Enticing as the subject line is, this is not an entry about geri. And yes, that is an inside joke. Anyhoo, we went to Toya on May 16 and, despite the exhaustion of our Onuma trip, we ended up hopping on the bikes at our youth hostel and biking around the lake to watch the fireworks that happen every night on Toya lake. The area is famous for onsen in the sulfiric excess from two very active vulcanos- Mt. Usu and Mt. Showa-Shinzan (which last erupted in 2000 producing lots of mass wasting). We were informed that the hostel we stayed in would take us to see the fireworks, so we took a $30 cab out there, only to discover we were the only two guests in the whole place. It was, um, awkward. Also, they refused to take us into town. We enjoyed the bike ride in, especially the detour through a sculpture park on the shore. We were totally amused by Sun Palace where we squatted and watched the show in the comfort of the heated second floor hallway. Sun Palace appeared to have about 30 onsen AND an indoor ocean thing. Everyone there seemed drunk and/or Chinese. I pointed out that the Palace was oddly like a land locked cruise ship.
Today, we decided our leg muscles could use even more work, and we hiked up the Showa-Shizan road. There was much debate over whether it was worth it to hitchike 2km. After a brief and crowded cable car trip, we ended up at the summit of Usu-zan. Aron and I are not much for doing what everyone else does. We took the 5km hike around the crater and observed the smoldering remains from about 10 feet below us at times. The sulfiric smell and bursts of steamy hot air were pretty crazy. Japan has something like 100 volcanos, 40 of which are active. From the top of our trail we could see the entire crater from one side and the ocean from the other. Totally worth the 600 stairs we had to climb to get back to our cable car.
I am having a rather nostalgic tour through Japan and remembering my college major as well as possible. Today was a chance for Aron, lawyer/geologist, to make use of his fine Amherst education. For example, I did not make up the phrase `mass waste` in regard to volcanic activity.
Toya is a land of old people in onsen and NO INTERNET. We are happy to be surrounded by the youth and vigor of Sapporo, home of a whopping 4 national breweries. Tomorrow, SAPPORO BREWERY HERE WE COME!!!!

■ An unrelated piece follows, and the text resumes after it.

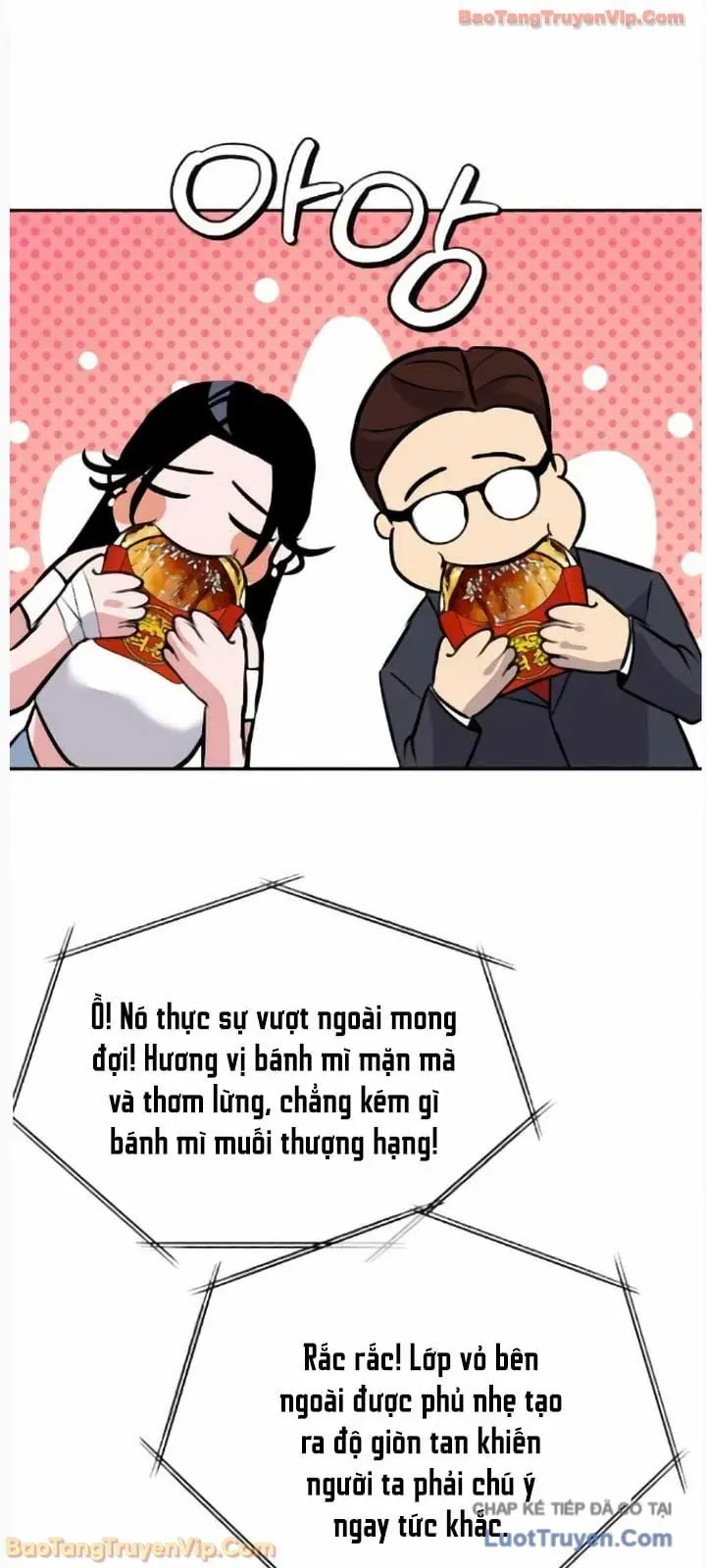 Dàn Harem Của Anh Bán Rong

[guidebook note: the Hotel Norte in Sapporo unwittingly sponsored the last several journal entries- we`ve consumed their free computer for the last few hours while experiencing the excitement of a business hotel lobby. Ooooh la la, you thought love hotels were scandalous! Just kidding. Aside from the Celine Dion music and pink walls, this place is pretty tame). At Y5000, we couldn`t pass this up for a love hotel, so sorry if that is the only reason you are reading our journal. Perhaps tomorrow night?]